Running OMA Standalone

The OMA algorithm runs in three main steps: 1) Quality and consistency checks of the genomes that will be used to run OMA Standalone; 2) All-against-all alignments of every protein sequence to all other protein sequences; and 3) Orthology inference, in the form of: pairwise orthologs, OMA Groups, and Hierarchical Orthologous Groups (HOGs). For more information on these types of orthologs output by OMA, see OMA: A Primer (Zahn-Zabal et al. 2020). The all-against-all step is the most computationally intensive and takes the longest amount of time. This is why it is beneficial to export the precomputed all-against-all for genomes in the OMA browser.

  • 1. In which folder are the pre-computed all-against-all alignments stored in?

    Hint: check the README in the exported all-against-all files.

    Cache/AllAll
  • 2. Now run OMA standalone on the five bacterial genomes we prepared previously. Which command should be used to start OMA standalone and run it to completion, without stopping after each of the aforementioned three steps?

    Hint: -Although it may be more convenient to install OMA standalone on your system, you don’t have to: simply navigate inside the OMA.2.2.0 folder, then run it from there -See OMA standalone documentation omabrowser.org/standalone/

    `bin/oma`
  • It should take between 5-10 minutes for OMA Standalone to finish. This is because we have relatively small genomes, of which the all-against-all is mostly pre-computed. However, for future reference, if computing on larger and more numerous genomes, it is recommended to parallelise the all-against-all and run on a High Performance Cluster (HPC). See this cheatsheet for more information.

Interpreting Results

Now that OMA standalone is complete, the Output folder should be created - have a look at the contents. Note: Familiarity with command line scripting is preferable to complete this section.

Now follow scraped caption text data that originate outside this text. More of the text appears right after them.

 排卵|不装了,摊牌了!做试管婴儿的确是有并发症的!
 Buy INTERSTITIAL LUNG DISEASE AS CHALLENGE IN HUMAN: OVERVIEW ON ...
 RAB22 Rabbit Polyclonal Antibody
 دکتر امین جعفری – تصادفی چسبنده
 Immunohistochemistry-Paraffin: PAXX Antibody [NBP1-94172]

  • 1. OMA has estimated a rough species tree from orthologous groups, using a distance-based method. (If you know the phylogeny of the species, you can instead give a predefined species tree in the parameters file.) Examine the tree, to which species is your new genome closest to?

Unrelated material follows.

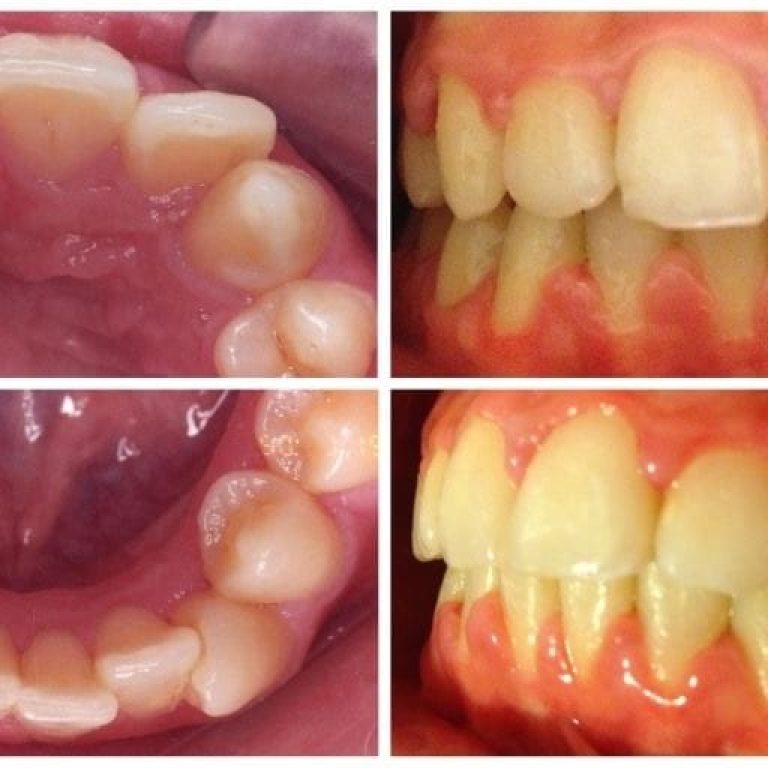 aparat dentar tratament ortodontic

    View tree using the online tree viewer PhyloIO)

    It is a sister clade to STRZN, STAA0, and BACAA, thus equally close to all of those species.
  • 2. Examine the pairwise orthologs. Which pair of genomes has the most orthologous pairs of genes? How many?

    Hint: wc -l *

    Bacillus anthracis (strain A0248) and Staphylococcus aureus (strain TW20 / 0582); 2009 pairwise orthologs
  • 3. How many 1:1 orthologous genes does BACAA have with STRZN?

    Hint: look in the “Orthology type” column of the pairwise ortholog file for these two genomes.

    788
    cat STRZN-BACAA.txt | cut -f 5 | sort | uniq -c
  • 4. Examine the root HOGs. How many root HOGs were inferred? What is the average size of the root HOGs in terms of number of genes per HOG?

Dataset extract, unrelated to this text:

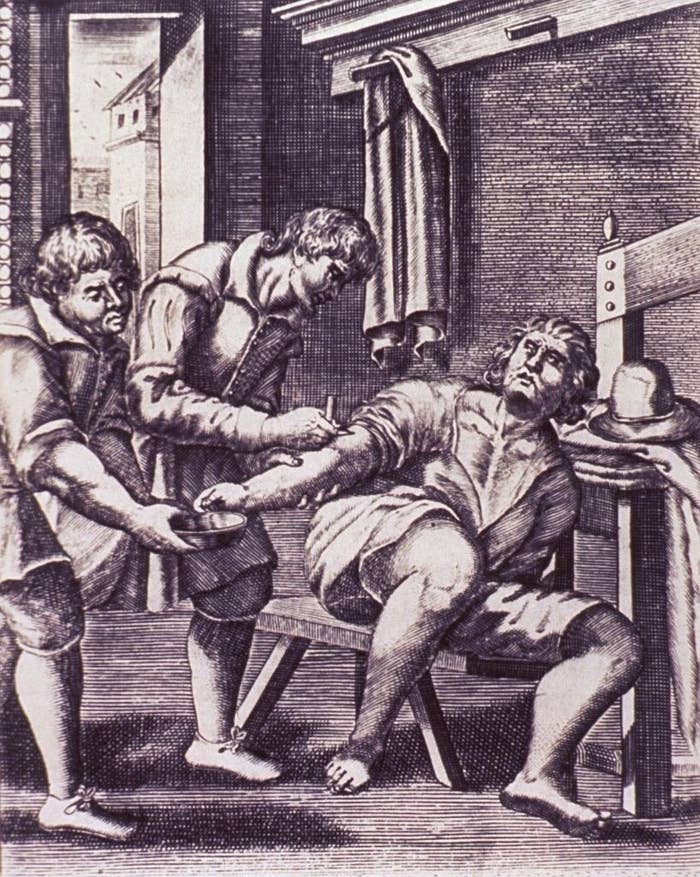 A man sitting on a bench is having his arm cut, while an assistant holds a bowl to collect the blood, 1671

    Hint: look at the HOGFasta folder and loop through each file to count the number of genes.

    1874 HOGs in total, with a mean of 3.21238 genes per HOG.
    ls -1 | grep ".fa" | sed "s/.\*/grep -c \">\" &/" | bash | awk '{ total += $1 } END { print total/NR }'
  • 5. Examine the OMA Groups. How many species are represented in the group containing the entry STAA002275? What is the putative function?

    Hint: OMA Groups are also known as orthologous groups. Look at OrthologousGroups.txt. In the file, each line is an OMA group and each tab-separated columm the whole gene description (From the FASTA header).

    There are two species represented in this OMA Group - STAA0 and STRZN. The predicted function is a Lactose phosphotransferase system repressor.